● **Source data**
[Start of Attachment]

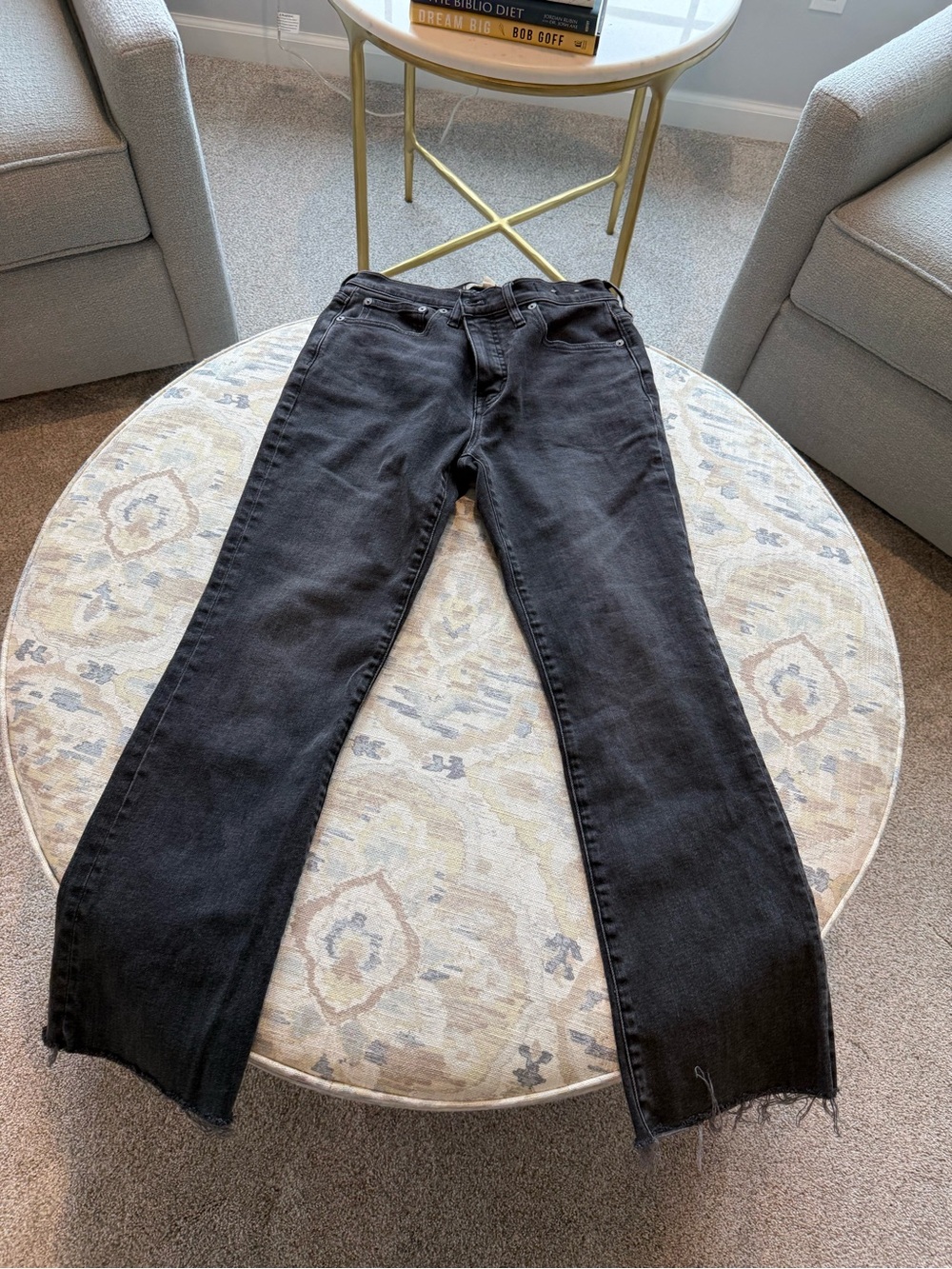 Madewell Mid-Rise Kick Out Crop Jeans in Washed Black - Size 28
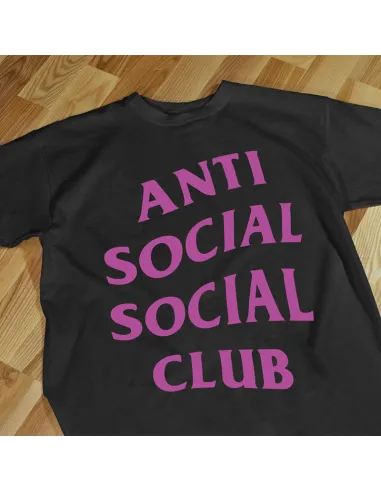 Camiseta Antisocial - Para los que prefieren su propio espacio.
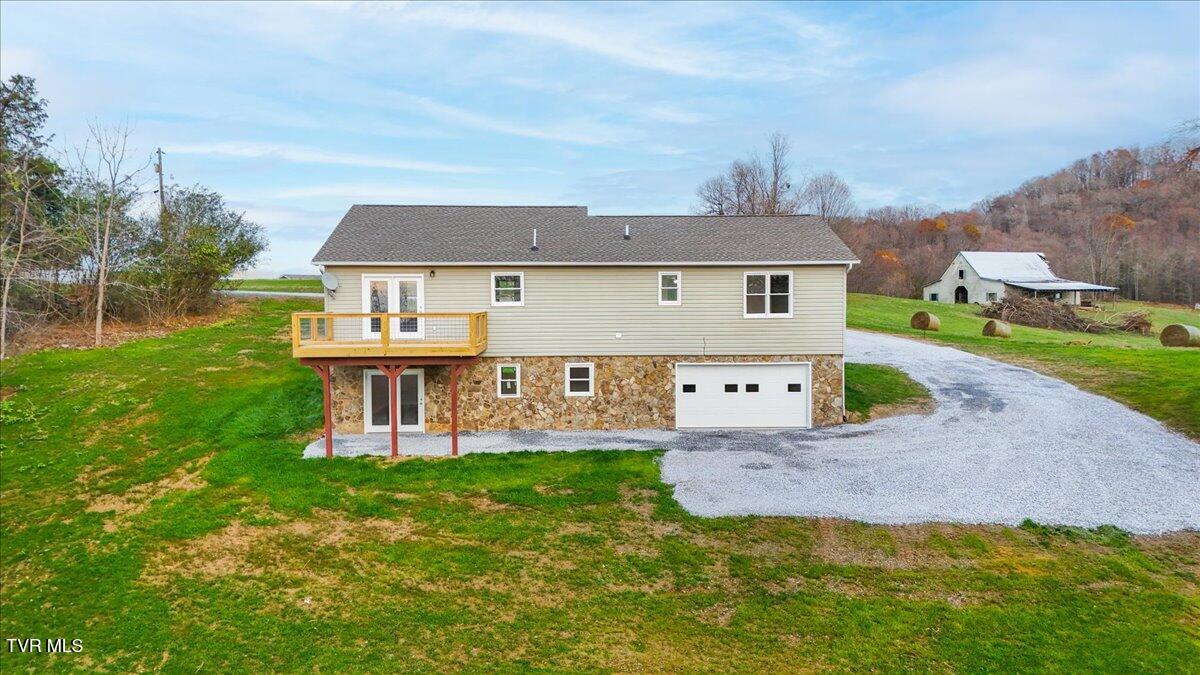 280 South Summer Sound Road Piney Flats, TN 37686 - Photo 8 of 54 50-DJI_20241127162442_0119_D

[End of Attachment]

● **Instructions to follow**
Repeat the listing above word for word, omitting the pictures.

● **Your response**
 Madewell Mid-Rise Kick Out Crop Jeans in Washed Black - Size 28
 Camiseta Antisocial - Para los que prefieren su propio espacio.
 280 South Summer Sound Road Piney Flats, TN 37686 - Photo 8 of 54 50-DJI_20241127162442_0119_D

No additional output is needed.